Between 2001 and 2007, Makin worked in Sydney in various freelance capacities. These included radio announcing roles at 2UE, Radio 2GB, and ABC NewsRadio, as well as serving as a senior television reporter for Channel 7 Today Tonight.

In 2007, Makin returned to Adelaide to assume the role of senior investigative journalist, reporter and stand-in presenter for Channel 7 Adelaide’s Today Tonight. Subsequently, in 2013, he undertook a six-month contract with 5AA, presenting the evening program.

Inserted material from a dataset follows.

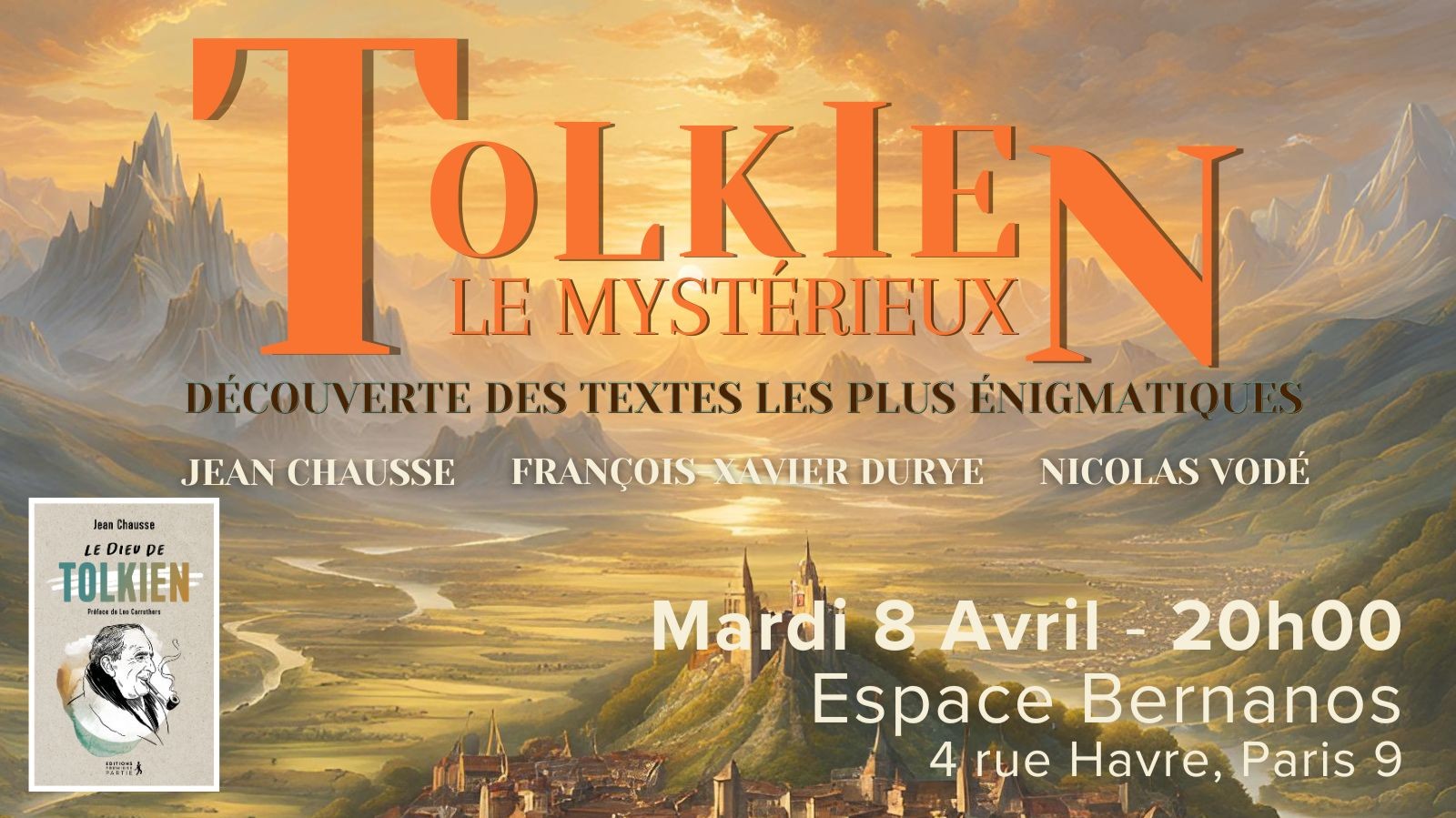 Conférence-lecture “Tolkien le mystérieux”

In 2018, Paul Makin and his wife, Marion, acquired a radio broadcasting license for Port Douglas, Australia, and launched FAB FM. Makin served as the station's Program Manager and breakfast announcer. FAB FM provided service to the Douglas Shire until its transition to the community station Douglas FM in mid-2022. Following the transition, Makin and his wife continued their involvement as volunteers for two years, providing training and administrative support. He semi-retired from media work in 2024.

===Acting career===
Makin has appeared in a variety of feature films, plays, and television shows, including a role as a television host in episode 578 of the series Prisoner. In addition to his acting work, Makin has also been involved in the production and hosting of corporate presentations and television commercials. He is a regular MC for charitable events.

==Feature films==
- The Honourable Wally Norman: Playing the role of bookmaker Alan Unwin. Directed by Ted Emery and opened the 2003 Sydney Film Festival
- Street Hero: Playing the role of a car wash attendant. Directed by Michael Pattinson, Roadshow Films

==Television series==
- Crawford Productions Zoo Family, Playing the Role of Film Director. Director: Chris Snell
- Crawford Productions Special Squad, Playing the Role of a Drunken Journalist. Director: Howard Rubie
- Crawford Productions The Flying Doctors, Playing the Role of Rodeo Caller. Director: Pino Amenta
- Crawford Productions Special Squad, Playing the Role of Sex Shop Grafter. Director: Arch Nicholson
- Crawford Productions Carson's Law, Playing the Role of Racehourse Trainer Mr Gilbertson. Director: Paul Moloney
- Crawford Productions Carson's Law, Playing the Role of Process Server. Director: Sean Nash
- Crawford Productions Cop Shop, Playing the Role of Real Estate Agent James Wilmott. Director: Robert Meillon
- Grundy Television Prisoner, Playing the Role of a Salesman. Director: Sean Nash
- Grundy Television Prisoner, Playing the Role of Talk Show Host Bob Michaels. Director: Kendal Flanigan

==Plays==
- WA Productions Mothers And Fathers, Playing the Role of a Policeman. Director: Barrie Barkla
- Space Theatre Adelaide Deadly Nightcap, Playing the Role of Geoffrey Curtis. Director: John Edmund
- Clink Theatre Port Douglas Priscilla The Musical, Playing the role of Bob the Mechanic. Director: Michael Kerr.